Input data:
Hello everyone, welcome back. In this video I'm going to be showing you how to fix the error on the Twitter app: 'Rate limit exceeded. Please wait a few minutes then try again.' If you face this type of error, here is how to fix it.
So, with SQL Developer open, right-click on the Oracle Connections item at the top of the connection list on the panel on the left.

* * *

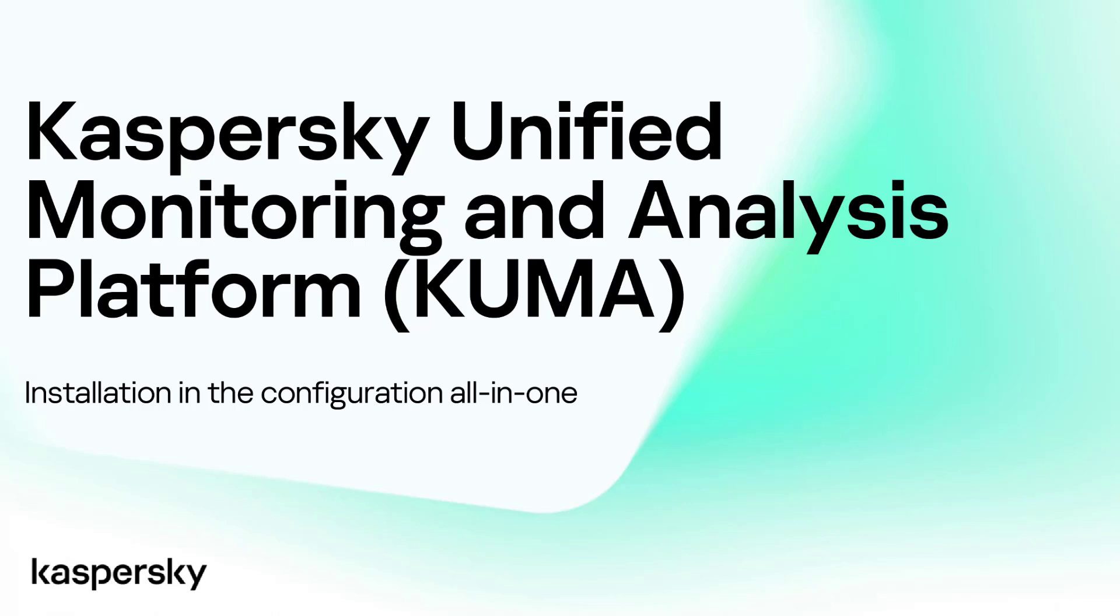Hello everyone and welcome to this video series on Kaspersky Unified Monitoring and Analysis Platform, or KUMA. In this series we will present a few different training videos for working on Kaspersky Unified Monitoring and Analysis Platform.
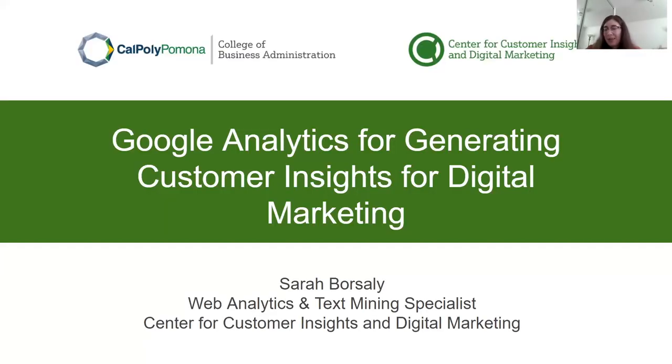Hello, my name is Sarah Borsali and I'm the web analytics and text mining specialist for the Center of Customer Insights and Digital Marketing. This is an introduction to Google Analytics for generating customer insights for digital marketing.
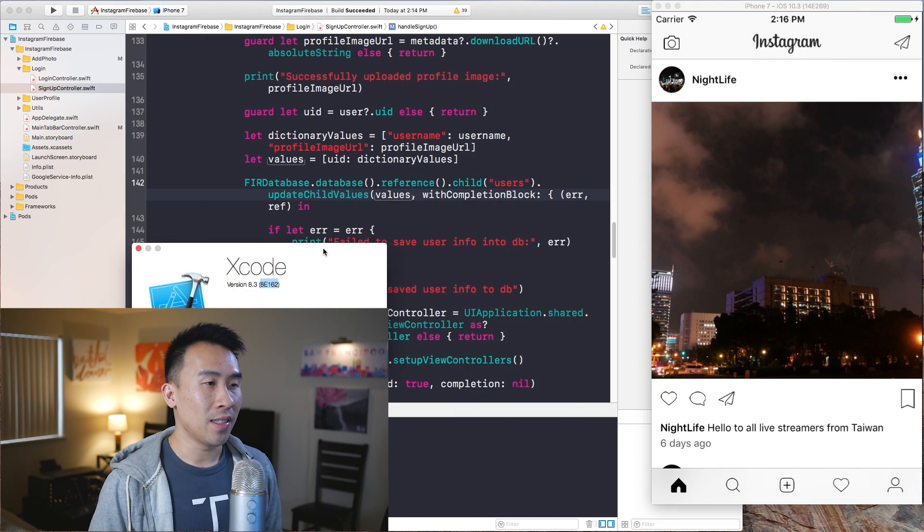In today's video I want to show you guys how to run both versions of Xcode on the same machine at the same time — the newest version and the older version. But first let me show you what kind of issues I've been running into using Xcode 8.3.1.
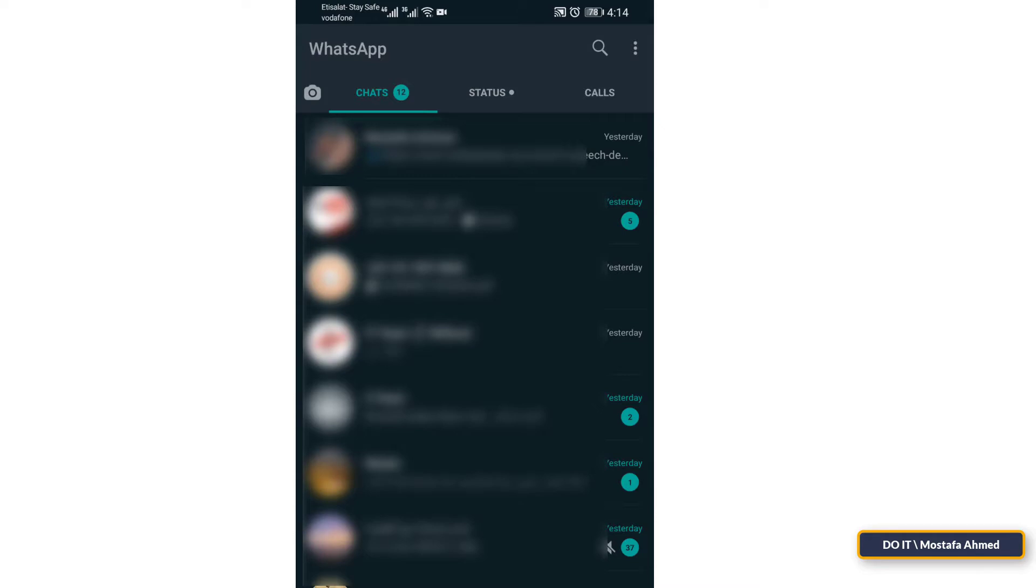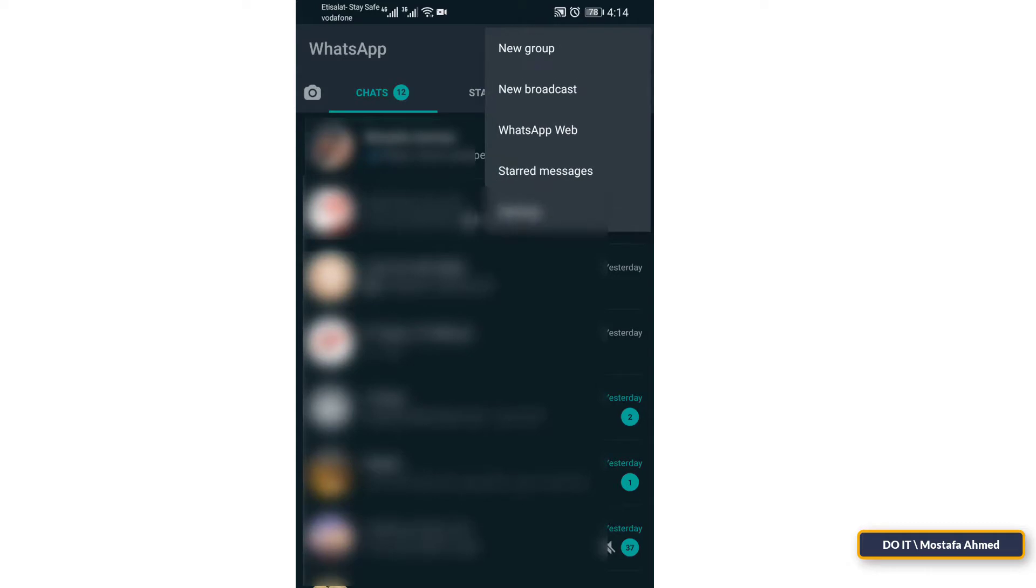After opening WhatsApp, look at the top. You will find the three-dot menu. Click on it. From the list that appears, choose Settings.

Task goal:
Beginning with the line holding "In today's video" in the material above, restate word for word each line through the line holding "After opening WhatsApp, look", and exclude pictures.

Result of this task:
In today's video I want to show you guys how to run both versions of Xcode on the same machine at the same time — the newest version and the older version. But first let me show you what kind of issues I've been running into using Xcode 8.3.1.
After opening WhatsApp, look at the top. You will find the three-dot menu. Click on it. From the list that appears, choose Settings.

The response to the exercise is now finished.